During the trial, the prosecution’s two witnesses, one an alleged FARC deserter, claimed to have witnessed the three Irishmen training guerrillas on earlier visits to the rebel safe-haven in 1999 and 2000. But all three defendants were able to prove to the court that they were not in Colombia on the dates the witnesses claimed to have seen them. In fact, in one instance, Niall Connolly was at an Irish Embassy dinner in Havana, Cuba, on January 19, 2000, the day on which a prosecution witness claimed to have seen the Irishman in Colombia. Given the inconsistent testimony of the witnesses and the faulty U.S. Embassy-conducted forensic tests, there is clearly not enough evidence to convict the three men of training the rebels.

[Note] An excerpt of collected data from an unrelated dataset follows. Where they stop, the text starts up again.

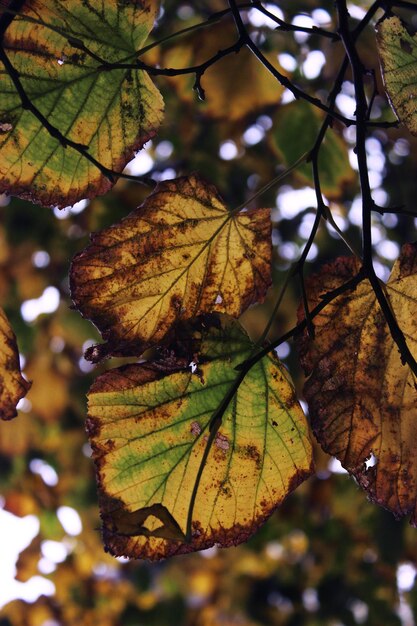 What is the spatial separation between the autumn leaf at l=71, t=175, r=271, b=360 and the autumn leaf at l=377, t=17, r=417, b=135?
147mm

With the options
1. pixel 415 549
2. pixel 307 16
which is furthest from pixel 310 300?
pixel 415 549

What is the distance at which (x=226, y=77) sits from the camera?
162 cm

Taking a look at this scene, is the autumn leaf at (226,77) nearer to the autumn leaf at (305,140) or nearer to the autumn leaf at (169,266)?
the autumn leaf at (305,140)

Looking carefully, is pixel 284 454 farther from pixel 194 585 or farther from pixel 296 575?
pixel 194 585

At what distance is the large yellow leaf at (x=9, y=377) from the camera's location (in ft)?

The three have confessed to a second charge of traveling with a document containing false names, which in Colombia is punishable with a fine and deportation. The men claim they used false names because they have been harassed by pro-British paramilitaries in Ireland due to their involvement in the pro-republican struggle during the 1970s and 1980s, which landed Monaghan and McCauley in prison. However, the men have been free for more than a decade and the only intelligence information that the British Secret Service could provide to Colombian authorities was 20 years old. Also, the names of ex-political prisoners frequently show up on international intelligence and police lists, sometimes resulting in them not being allowed to enter some countries. The presence of their names on these lists can also place the lives of ex-political prisoners in danger, especially when they travel to countries where certain armed groups may perceive them as threats.
By any international standards of law, there is not enough evidence to convict the Colombia Three of training the rebels. In fact, according to the international observers, there is not enough evidence for the case to have gone to trial in the first place. Also troubling, is the fact that it is a trial without jury. And given all the prejudicial statements made by Colombian and U.S. officials, the sole arbiter, Judge Jairo Acosta, appears to be under extreme political pressure to render a guilty verdict in this case. According to international observer Andrews, “Taken in the context of the judge who is re-appointed every four years by the same people who are demanding the men’s conviction, this is an outrage.”
In the meantime, Connolly, Monaghan and McCauley have endured two years and three months in cramped and dangerous Colombian prisons, and now face a sentence of 18 to 25 years if convicted of training the FARC. Their trial has clearly been politically motivated, having little legal merit. As one international observer, Paul Hill, stated, “When the right to a fair trial and the presumption of innocence are denied, justice is not just miscarried, it is aborted.”